What is the best way to store between a million to 450,000 Boolean values in a dictionary like collection indexed by a long number? I need to use the least amount of memory possible. True and Int both take up more than 22 bytes per entry. Is there a lower memory per Boolean possible?
-
2How will this be "dictionary like"? What will be the keys, what will be the values?Marcin– Marcin2011-07-12 11:30:24 +00:00Commented Jul 12, 2011 at 11:30
-
He probably meant "array like"Aaron Digulla– Aaron Digulla2011-07-12 11:35:28 +00:00Commented Jul 12, 2011 at 11:35
-
1If it really is a dict, just the keys will take a significant amount of memoryJohn La Rooy– John La Rooy2011-07-12 12:12:42 +00:00Commented Jul 12, 2011 at 12:12
-
Could you clarify in your question what this collection looks like? Are there really 200,000,000,000 bools and the same number of ints as keys? That many ints will take up over 740GB on their own even if stored in just 4 bytes each. And that many bools will take up another 23GB at one bit each...Scott Griffiths– Scott Griffiths2011-07-12 15:39:16 +00:00Commented Jul 12, 2011 at 15:39
3 Answers
Check this question. Bitarray seems to be the preferred choice.

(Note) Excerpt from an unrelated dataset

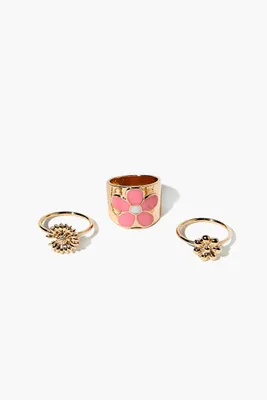 Women's Flower Ring Set in Gold/Pink, 7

The two main modules for this are bitarray and bitstring (I wrote the latter). Each will do what you need, but some plus and minus points for each:
bitarray
- Written as a C extension so very quick.
- Python 2 only.
bitstring
- Pure Python.
- Python 2.6+ and Python 3.x
- Richer array of methods for reading and interpreting data.
So it depends on what you need to do with your data. If it's just storage and retrieval then both will be fine, but for performance critical stuff it's better to use bitarray if you can. Take a look at the docs (bitstring, bitarray) to see which you prefer.
1 Comment
Have you thought about using a hybrid list/bitstring?

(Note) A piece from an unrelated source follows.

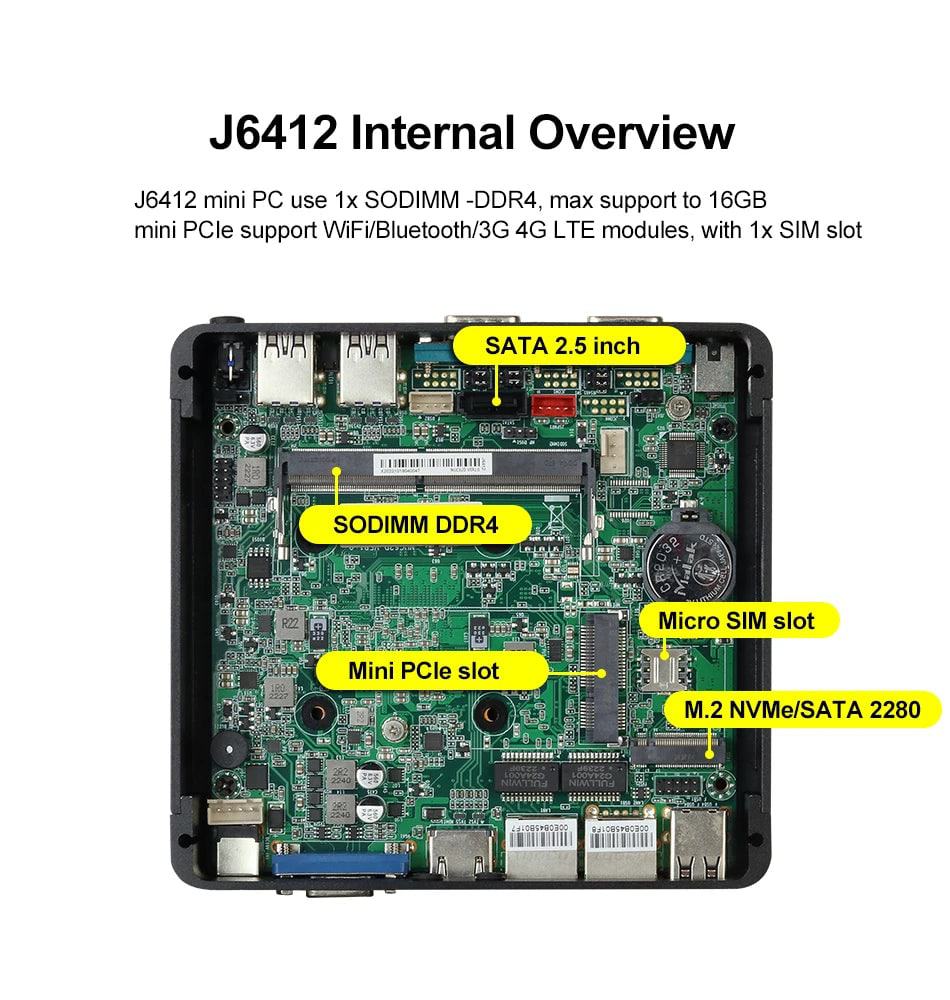 BEBEPC Fanless Industrial Mini j6412 j4125 i5 4200U 5200U Dual LAN RS232 Win10/11 Pro Linux Ubuntu WIFI Desktop Computer Home pc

Use your list to store one dimension of your bits. Each list item would hold a bitstring of fixed length. You would use your list to focus your search to the bitstring of interest, then use the bitstring to find/modify your bit of interest.
The list should allow the most efficent recall of the bitstrings, the bitstrings should allow you to pack all your data as efficiently as possible, and the hybrid list/bitstring should allow a compromise between speed (slightly slower accessing the bit string in the list) and storage (bit packed data plus list overhead.)